L’utilisation à des fins statistiques de données privées permet une analyse territoriale fine de l’impact des confinements de 2020 : téléphonie mobile, transactions par carte bancaire en face‑à‑face, déplacements à partir des GPS, données de fédérations professionnelles, consommation d’électricité, transports ferroviaires etc. Certaines de ces sources étaient déjà utilisées par l’Insee, mais elles l’ont été de façon plus systématique et « en temps réel » en 2020, ce qui est une vraie petite révolution statistique.
Sur le plan des résultats, le ralentissement général de l’activité économique et les grands mouvements de population ont été suffisamment présentés pour qu’il ne soit pas nécessaire d’y revenir. L’Insee souligne, en particulier, certains aspects territoriaux comme le ralentissement de l’activité « dans des départements industriels où est implantée la fabrication de matériels de transport comme le Haut‑Rhin ou le Doubs (automobile) et la Haute‑Garonne (aéronautique). À l’inverse, dans les départements plus orientés vers l’agriculture et l’industrie agroalimentaire, la baisse d’activité est moins forte, d’autant que certains d’entre eux bénéficient de la présence de personnes venues s’y installer pour le confinement ».

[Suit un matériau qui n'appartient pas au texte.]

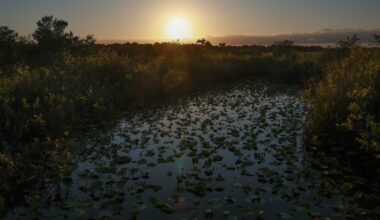 Scientists may have figured out why a potent greenhouse gas is rising. The answer is scary.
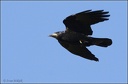 Corvus frugilegus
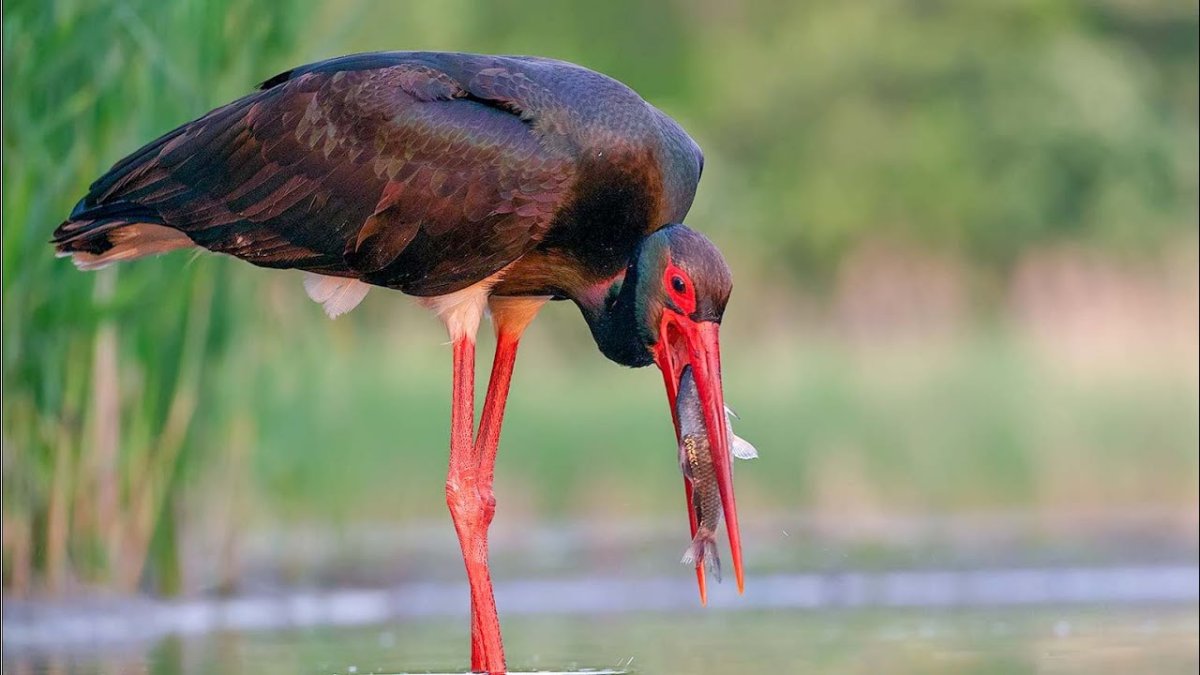 Болоньский заповедник черный Аист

Zonages : Les aires d’attraction des villes
Cet Insee Références présente les aires d’attraction des villes, AAV, (voir également : Insee Première n° 1827). Elles remplacent le Zonage en aires urbaines (ZAU) par des Aires d’attraction des villes, selon une méthode cohérente avec celle de l’Union européenne, ce qui permet des comparaisons avec d’autres pays de l’UE et, entre autres, d’introduire des AAV transfrontalières. Ce qui s’appelait « Aire urbaine de « Genève – Annemasse (partie française) » dans le ZAU, peu explicite pour un lecteur non averti, devient « Genève – Annemasse » dans le zonage en AAV.
La méthode exploite le carroyage du territoire : la France est découpée en carrés d’un kilomètre de côté (un niveau avec des carrés de 200 mètres de côté existe) à l’intérieur desquels des variables géolocalisées sont ventilées. Une grille communale de densité permet de répartir chaque carré selon sa densité de population et d’agréger des carrés voisins, jusqu’à obtenir la densité d’une commune. C’est principalement à partir de ce critère que sont définis 699 pôles d’attraction de villes. Les communes qui envoient au moins 15 % de leurs actifs travailler dans un pôle constituent la couronne de l’AAV. Dans le ZAU, les « couronnes périurbaines » étaient constituées des communes rurales ou unités urbaines (couronne périurbaine) dont au moins 40% de la population résidente ayant un emploi travaille dans le pôle ou dans des communes attirées par celui-ci ». Ce mode d’agrégation « par boule de neige » était difficile à expliquer. Le « périurbain » comportait également des « commune multipolarisées », ce qui ne facilitait pas la compréhension. En 2017, 93% de la population vit dans une AAV, dont 40% dans une couronne (que rien n’interdit d’appeler périurbaine) et 53% dans un pôle. Les 7% restant sont en dehors d’une AAV.
L’Insee reste prudent sur les effets territoriaux à venir de la crise sanitaire actuelle, mais il est utile d’avoir un « calage » pré-2020 de La France et ses territoires pour des analyses statistiques à venir.